--- DATA EXTRACTS Enclosed Below ---

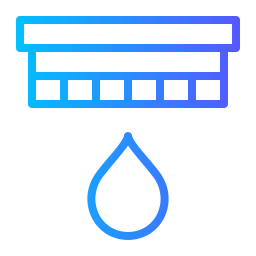 Drip irrigation icon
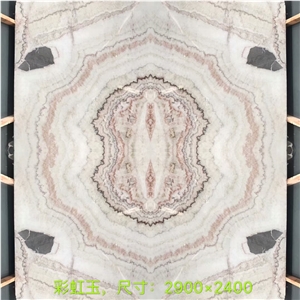 China Rainbow Onyx for Floor Covering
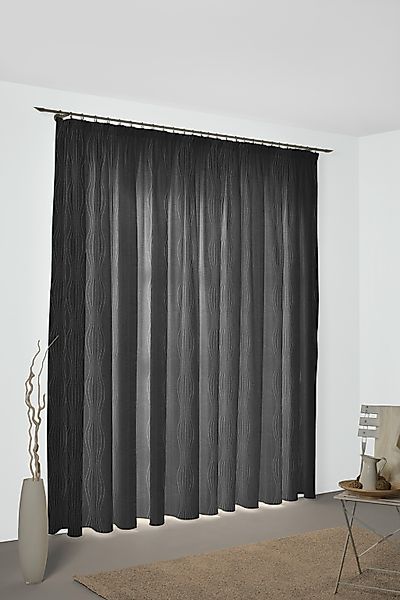 Wirth Vorhang "RICCIA" Kräuselband 1 Stk. tlg. günstig online kaufen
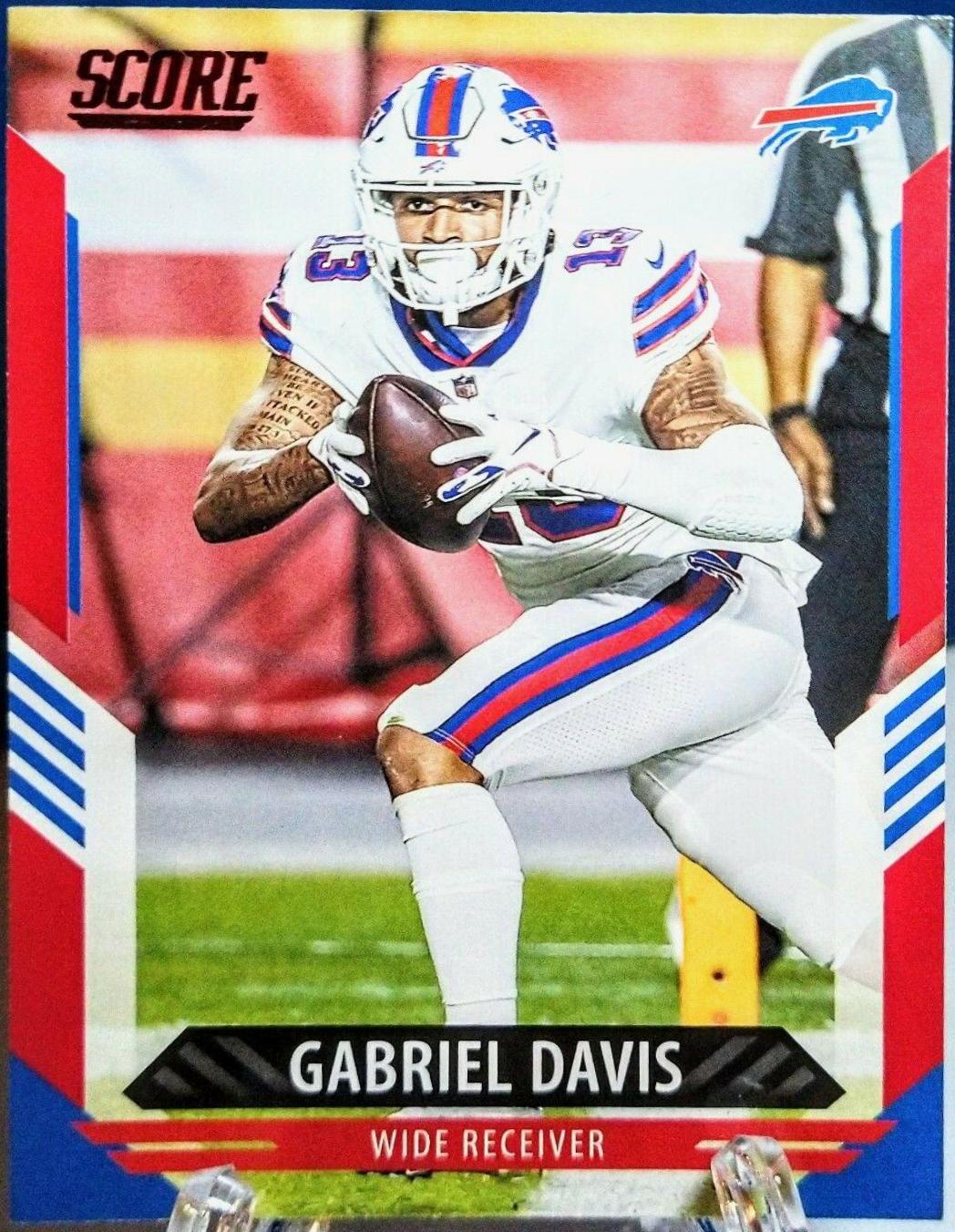 Gabriel Davis [Red Zone] #280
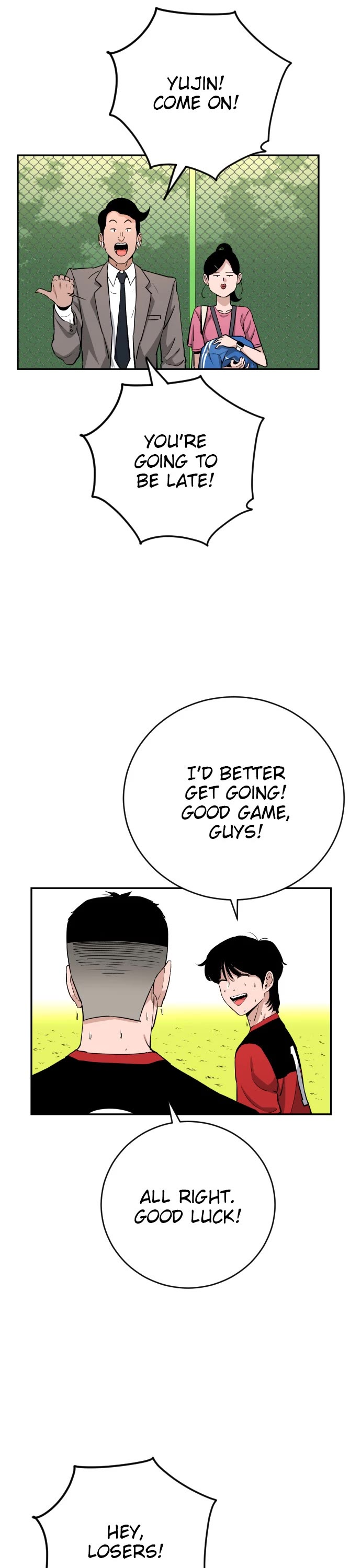 Build Up Chapter 80 page 21 - Chapter 80: Episode 80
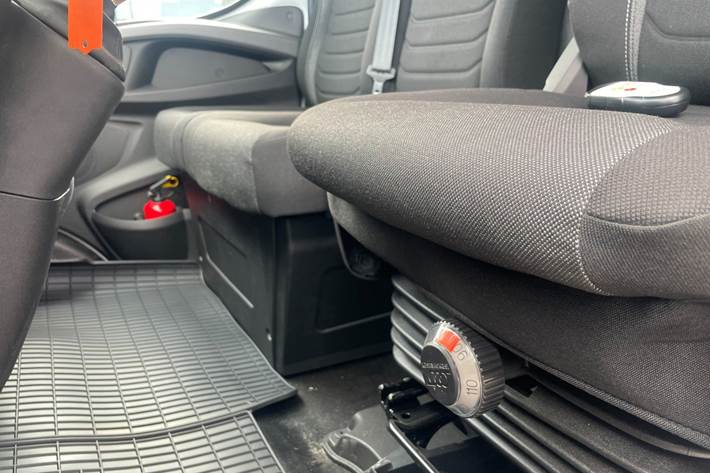 Hvid Iveco Daily fra 2025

--- End of Enclosed DATA EXTRACTS ---

• _WORK TASK_: Write out all the records exactly, omitting the images.

• _TASK ANSWER_:
 Drip irrigation icon
 China Rainbow Onyx for Floor Covering
 Wirth Vorhang "RICCIA" Kräuselband 1 Stk. tlg. günstig online kaufen
 Gabriel Davis [Red Zone] #280
 Build Up Chapter 80 page 21 - Chapter 80: Episode 80
 Hvid Iveco Daily fra 2025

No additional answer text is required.